It’s been great to be able to meet so many of the actors, meet so many of the directors, be a part of and be aware of how a company like this operates, a lot of which I never knew before I got involved.

Q: In your 45 years at Trinity, is there a production from the Trinity Department of Theatre Arts that is most memorable? 

A:  The Trinity theater opened with a production of “1776.” That was the big musical that year, and I was just kind of blown away.

The other one that always sticks in my mind is a Stephen Sondheim and Cole Porter show in what was then the Little Theater, up on the top of Trinity Hall on the third floor. The theater itself was a classroom that was converted.

In those days, they did small productions. Seeing some of the students I had in class perform, I still remember those shows. They are the early ones. There have just been so many good shows.

All the shows have stuck out. With Ms. Reedy’s shows, I’ve been really impressed with the theatrical component of it — just the stage craft that she’s managed to pull off. I thought particularly “The Three Musketeers” struck me as a really neat example of theater craft.

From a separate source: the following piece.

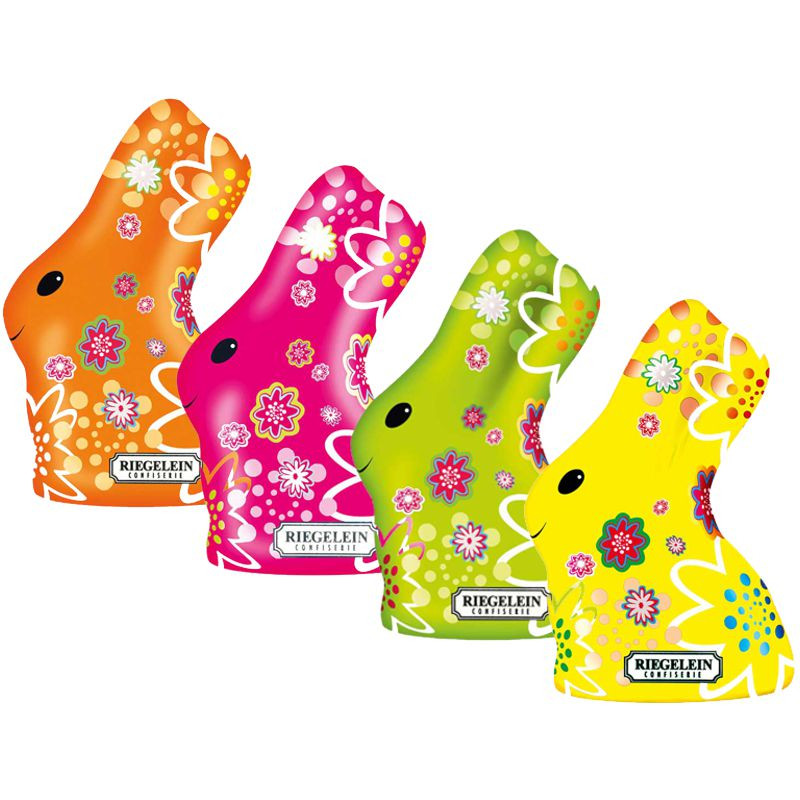 Riegelein Fairtrade Osterhase 140 g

Q: What do you love most about Trinity? 

A: I have to say, it’s the people I work with. It’s the environment. I’m certainly a person who’s known to say, “Hey, let’s take a look at what we’re not doing well.” But I have to say that I’ve really loved the dedication that we have to our students. The dedication. The staff. And honestly, the thing I love is just, and I’ve missed it really this year, that one on one with people. Young people. That I miss a great deal. That in-person, in-classroom environment, but that’s probably the two things I love the most. I’ll probably miss the most the good friends I’ve worked with, students who are young and energetic — and kind of keep me that way.